Met de eerste in dit onderdeel voorgestelde wijziging wordt aangesloten bij de voorgestelde wijzigingen van artikel 2:45, eerste lid, van de Wft. Voor de toelichting op de voorgestelde wijzigingen wordt verwezen naar de toelichting op de in artikel I, onderdeel XX, voorgestelde wijzigingen van artikel 2:45 van de Wft.

Met de tweede en derde in dit onderdeel voorgestelde wijzigingen worden wijzigingen voorgesteld die in het verlengde liggen van de in dit wetsvoorstel voorgestelde wijzigingen van artikel 2:10. Voor de toelichting op de voorstelde wijzigingen wordt verwezen naar de toelichting op de in artikel artikel I, onderdeel KK, voorgestelde wijzigingen van artikel 2:10 van de Wft.

RR

Uit artikel 3:6 van de Wft blijkt wanneer een waarborg- of garantiefonds als bedoeld in dat artikel een vergunning nodig heeft voor de uitoefening van het bedrijf van schadeverzekeraar, en wanneer een dergelijk fonds deze vergunning niet nodig heeft.

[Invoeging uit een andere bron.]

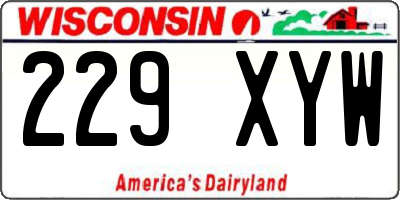 WI license plate 229XYW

Dientengevolge moet worden geconstateerd dat, als een dergelijk fonds op grond van artikel 3:6 van de Wft een vergunning voor de uitoefening van het bedrijf van schadeverzekeraar nodig heeft, ingevolge dat artikel hetgeen in de Wft is bepaald met betrekking tot onder andere de aanvraag van deze vergunning in het Deel Markttoegang financiële ondernemingen en het uitoefenen van het bedrijf van schadeverzekeraar in het Deel Prudentieel toezicht financiële ondernemingen en het Deel Gedragstoezicht financiële ondernemingen, van toepassing is op dit fonds. Evenzeer is hetgeen in de Wft is bepaald met betrekking tot de aanvraag van een dergelijke vergunning en de uitoefening van dat bedrijf, ingevolge artikel 3:6 van de Wft niet van toepassing op waarborg- of garantiefondsen waarop artikel 3:6, tweede, derde of vierde lid, van de Wft van toepassing is aangezien deze waarborg- of garantiefondsen niet over een dergelijke vergunning hoeven te beschikken (met dien verstande dat een dergelijk fonds in dat geval altijd de vrijheid behoudt om ervoor te kiezen om alsnog een dergelijke vergunning aan te vragen en te voldoen aan hetgeen daaromtrent en met betrekking tot de uitoefening van het bedrijf van schadeverzekeraars is bepaald in de Wft).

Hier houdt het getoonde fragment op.